Friday 19 February 2016

PostgreSQL 9.6 - Part 1 - Horizontal Scalability

PostgreSQL 9.6 is shaping up to be an impressive release, so I thought I'd try to summarise some of the big features and improvements that it will bring. This certainly won't be exhaustive, but it will touch upon areas I've looked at closely.

I'm looking at breaking this down into the following areas:
  • Part 1 - Horizontal Scalability
  • Part 2 - Monitoring
  • Part 3 - Parallelism
  • Part 4 - Vertical Scalability
So without further ado, here's Part 1 - Horizontal Scalability

I guess I should start with the question some might be asking: "What is 'Horizontal Scalability'?" This is just a fancy way of describing the ability to distribute workload among several clusters/servers/locations etc. So rather than putting all the burden on one server, you can delegate at least some of the work to other servers to speed things up.

For 9.6, I'll specifically be covering foreign tables (i.e. tables on remote servers which are being queried as if they were local tables). The changes are currently only usable for postgres_fdw (the core extension that allows connections to tables in other PostgreSQL databases), but other foreign data wrappers will be able to make similar changes in future. All the following features were the result of lots of hard work by my colleague at EnterpriseDB, Ashutosh Bapat, with help from Robert Haas.
Join pushdown
At the moment (pre-9.6), any queries you run which involve foreign tables require that the data from those tables be fetched in their entirety prior to any sorting or joining, and then anything you want to do to them (join, sort etc.) have to be done locally on the returned data set. As you can imagine, this is probably not what you want to do, particularly if you had a query like:
SELECT *
FROM remote.contacts c
INNER JOIN remote.countries n ON c.country = n.country
WHERE c.continent = 'Australasia';
(Note: In these examples, the tables in the schema named "remote" are foreign tables (tables which reside on a remote server), so here, remote.contacts and remote.countries are both foreign tables. It just helps us distinguish between foreign tables and local ones.)

This would fetch the whole of the table named "countries", and then, once the remote server has read all the rows of the table from disk, and pushed it across the network, the local server will then need fetch whichever rows of the foreign table named "contacts" match the WHERE clause that targets it, and then join both of the results locally.

To illustrate this behaviour, we'd probably end up running these 2 queries on the remote server:
SELECT country, continent
FROM countries
WHERE continent = 'Australasia';
SELECT id, first_name, last_name, age, country
FROM contacts;
(Note: The "remote." prefix isn't shown here, because these are examples of the queries we'd actually be running on the remote server.)

Now, we did get *some* pushdown here, namely the bit saying "WHERE continent = 'Australasia'". That's called a qual pushdown, and it means we didn't need to read in all of the remote "countries" table and then filter locally.
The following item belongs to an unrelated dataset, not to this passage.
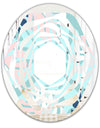 Retro Floral Pattern II - Modern Round or Oval Wall Mirror - Whirl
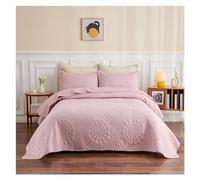 ZCCZJS Bohemian brodé 100% Coton 3pcs lit d'été Couvre-lit Queen Housse de lit matelassé avec 50 * 70 cm de taie, Ensemble de literie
Not a big deal in this case as we know we're dealing with a small table, but you can imagine how useful that is if you're fetching from a huge table that's indexed on the remote server. Without qual pushdown, the local server would have to fetch entire tables from the remote server when it only wants a single row.

But that only gets us so far. We still don't want to fetch both of these data sets separately. Wouldn't it be great if we could just tell the remote server to do the join for us? It could then take advantage of any indexes it has available to optimise the join, and we wouldn't need to transfer so much data between the remote server and the local server.

This is where PostgreSQL 9.6 can use its new join pushdown powers to do just that. In the above example, we would end up sending pretty much the same query we're running on the local server to the remote server, telling it to perform the join itself, and give us the results. This means less disk reads on the remote side, less network utilisation between remote and local server, less work for the local server (as the remote side has already done it all, and faster than the local one could have done it), and ultimately, a much shorter query time. The requirement for this to happen is that the foreign tables involved in the join have to reside on the same remote server and have the same user mapping in order to be considered for join pushdown.

But, I hear you ask, what if we're joining a mixture of local tables and foreign tables? What then? Surely PostgreSQL will break down in tears not knowing what to do? As it happens, PostgreSQL has a diploma in working out how to construct joins just between the foreign tables, and sending them off to the remote server separately. (the usual terms and conditions apply, being that they need to reside on the same remote server and use the same user mappings).

So imagine we have a local table called "contacts_notes", and this contains an "id" column, a "contactid" column (which should match remote.contacts.id) and a "notes" column, where we'd keep notes about the customer. We want to join this to the "contactid" column on the remote.contacts table, and have the following query we will run locally:
SELECT *
FROM remote.contacts c
INNER JOIN remote.countries n ON c.country = n.country
INNER JOIN contacts_notes o ON c.id = o.contactid
WHERE continent = 'Australasia';
Prior to 9.6, it would do as mentioned before, fetch the filtered result from countries, then the whole of contacts, join them locally, and then join that result with the local contacts_notes table. 9.6 will now be able to look at the query and say "Okay, so I can see that 2 of these tables being joined are both on the same remote server, so I'll rewrite the join to only join those 2 tables, send that off to the remote server, and join the result with the local table when it comes back."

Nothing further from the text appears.